At three o'clock in the morning you wake up in a cold sweat, and not due to excessive alcohol intake for once. What if volatility turns out to be something other than 20%? You completely forgot to test the sensitivity of the price to your volatility assumption. What an idiot you've been! You get out of bed and take out your home copy of Espen Haug's book (everyone should own two copies). You code up the formula again and see how the price varies as you change volatility from 17% to 23%. The price seems to be insensitive to volatility, and is anyway within the profit margin (a.k.a. margin for error). You breathe a sigh of relief, Phew!, and go back to bed.

That morning you go into work, perhaps looking a bit more tired than usual after all the champagne and the early-morning panic. Your boss calls you into his office, tells you that a fortune has been lost on your barrier option and you are fired.

Apart from the short time between the pricing and the loss and some risk-management issues this scenario has happened in the past, and looks like it will continue to happen in the future. So what went wrong? How could money have been lost after all that stress testing?

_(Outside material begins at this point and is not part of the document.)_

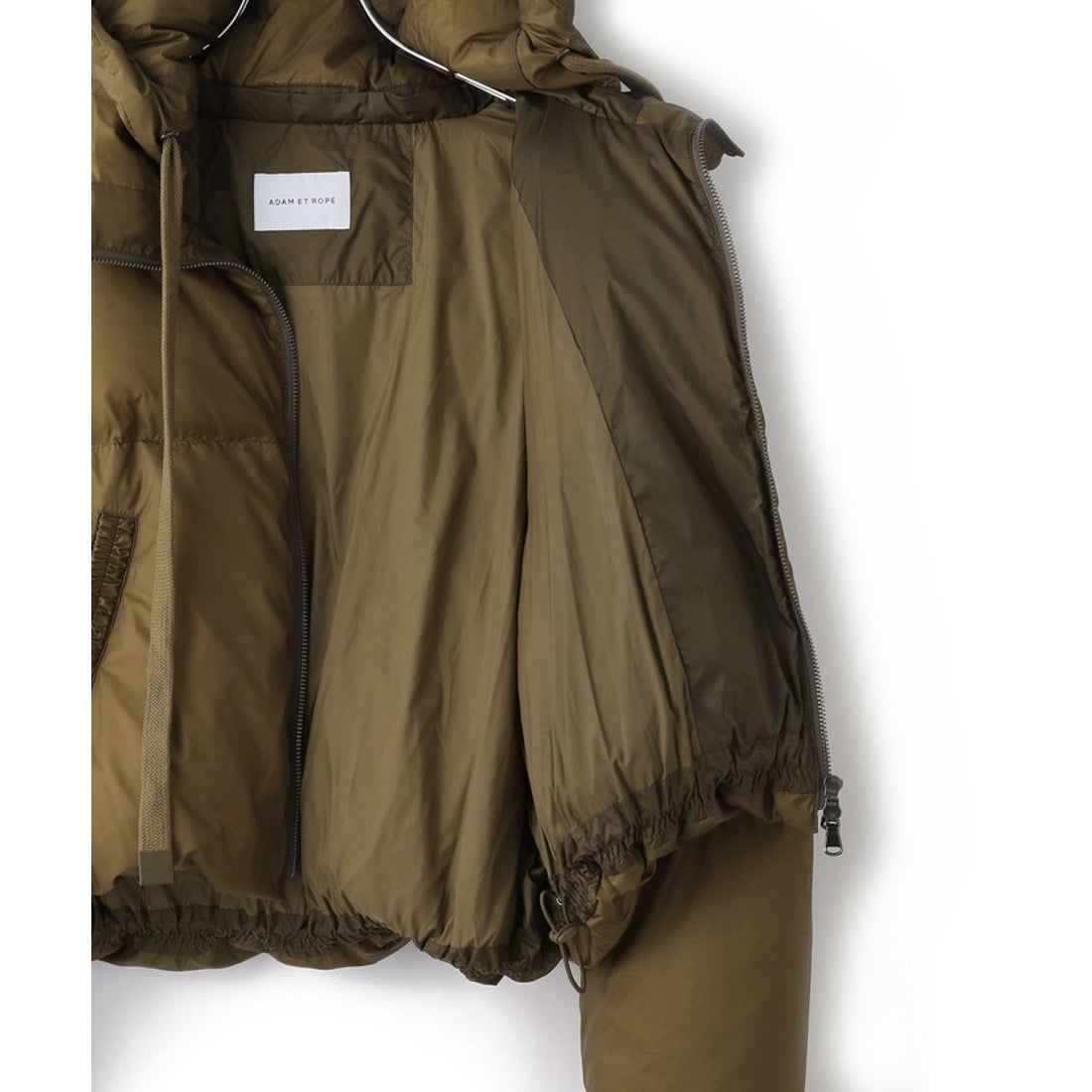 アダム エ ロペ ADAM ET ROPE' 【サステナブル】2WAYフーディショート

What went wrong was that you assumed volatility to be constant in the option formula/model and then you changed that constant. This is only valid if you know that the parameter is constant but are not sure what that constant is. But that's not a realistic scenario in finance. In fact, I can only think of a couple of scenarios where this makes sense...

The first scenario is when every contract in your portfolio has gamma of the same sign, either all have positive gamma everywhere or all have negative gamma everywhere. We'll see the significance of the sign of gamma in a moment. But, anyway, who only buys options or only sells options? Most people buy some and sell some, even Nassim Taleb.

The other scenario is ...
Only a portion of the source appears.